But what the carrier and his customer might accomplish by special agreement, Congress could effect by statute in the absence of such agreement, but must necessarily leave the lesser liability of bailee unaffected if it merely removes the liabilityas carrier, and does not, by clear and definite language, indicate its purpose to go further. So much, and no more than that, the section under consideration accomplished, for it distinctly removes the liability as carrier without touching that as bailee. We are bound to assume that the word "carrier" was used in its recognized legal sense, and not in some loose or careless and merely colloquial way; and that, especially, because it occurs in connection with the idea of liability, and the phrase "liable as carrier" can only mean the liability attached by law to that public employment.

Nor is this construction affected by the added words "in any form or manner." They are not used disjunctively, and so as to constitute a separate command, but qualify the expression "shall not be liable as carrier thereof," the full force of the *162 words being that the liability as carrier shall not exist in any form of action or through any manner of procedure. InAtlantic Mut. Ins. Co. v. McLoon (48 Barb. 28), it was held that the carrier's liability assumed two different forms, and that he might be proceeded against either in tort for a violation of his public duty, or on contract for a breach of his implied agreement to carry and deliver safely. And so the statute deemed it prudent, in relieving the carrier from liability, to add "in any form or manner," that is by any form or mode of action or proceeding whatever.

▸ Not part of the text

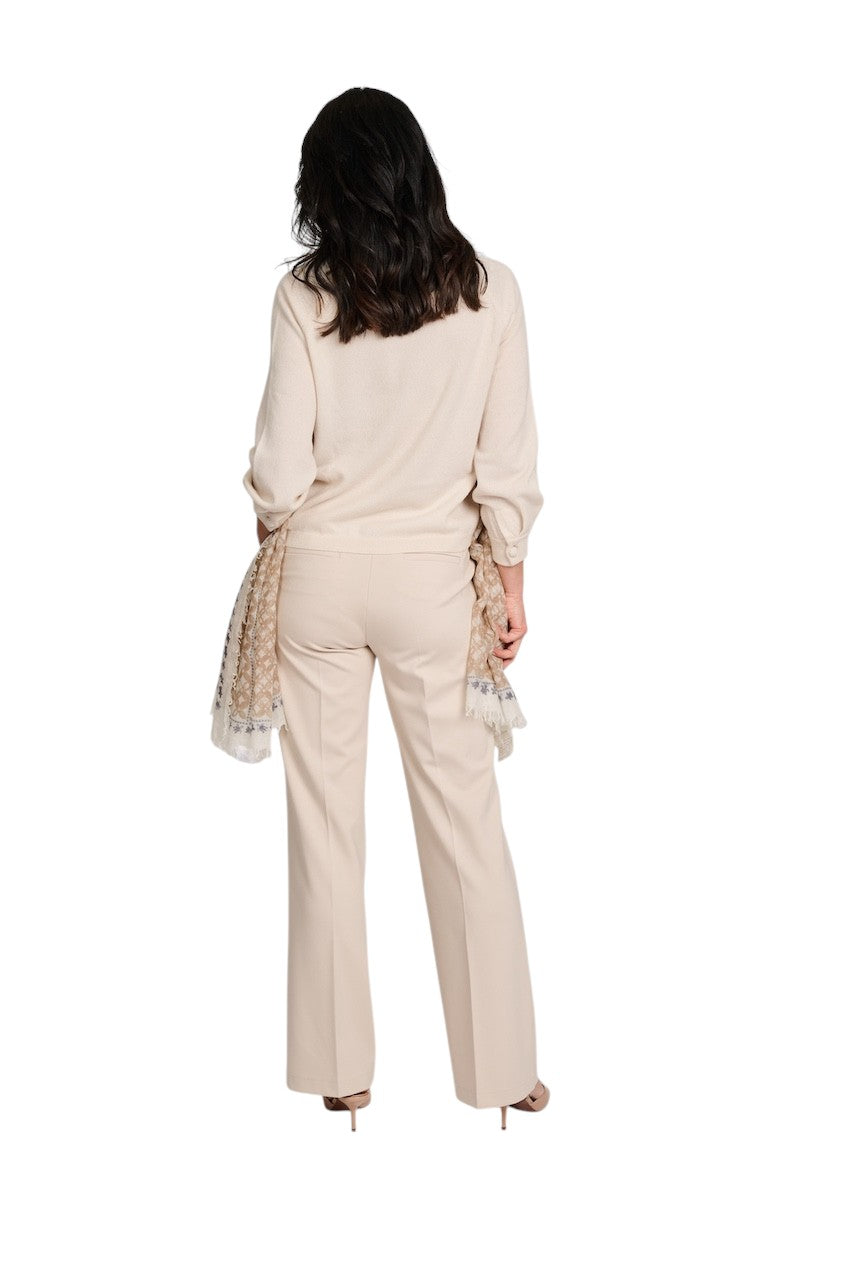 Cambio broek dames beige Ava 6248 0222/16 029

We are further referred to the case of Hinton v. Dibbin (2 Ad. Ell. [N.S.] 646), in which it was held, under a similar statute (1 Wm. IV., chap. 68), that the carrier could not be held liable even for gross negligence; but that decision was founded upon an enactment from which the words "liable as carrier" were conspicuously absent. That act freed the ship-owner from any liability for the loss, and even under such provision, where the property was not lost, but merely delayed in its transit, damages for the consequent injury resulting from negligence could probably be recovered.

It follows that the nonsuit in this case was erroneous. The plaintiff, in her complaint, alleged negligence, and the facts which she proved, prima facie, established it. The non-delivery at the port of destination is presumptive evidence of such negligence. (Canfield v. B. O.R.R. Co., 93 N.Y. 538.) In addition it was shown that the vessel stopped nowhere until the port of destination was reached, and then the baggage was placed upon the dock with little of order or control, and leaving the passengers to find their own in the consequent confusion. And so a case was made which should have gone to the jury.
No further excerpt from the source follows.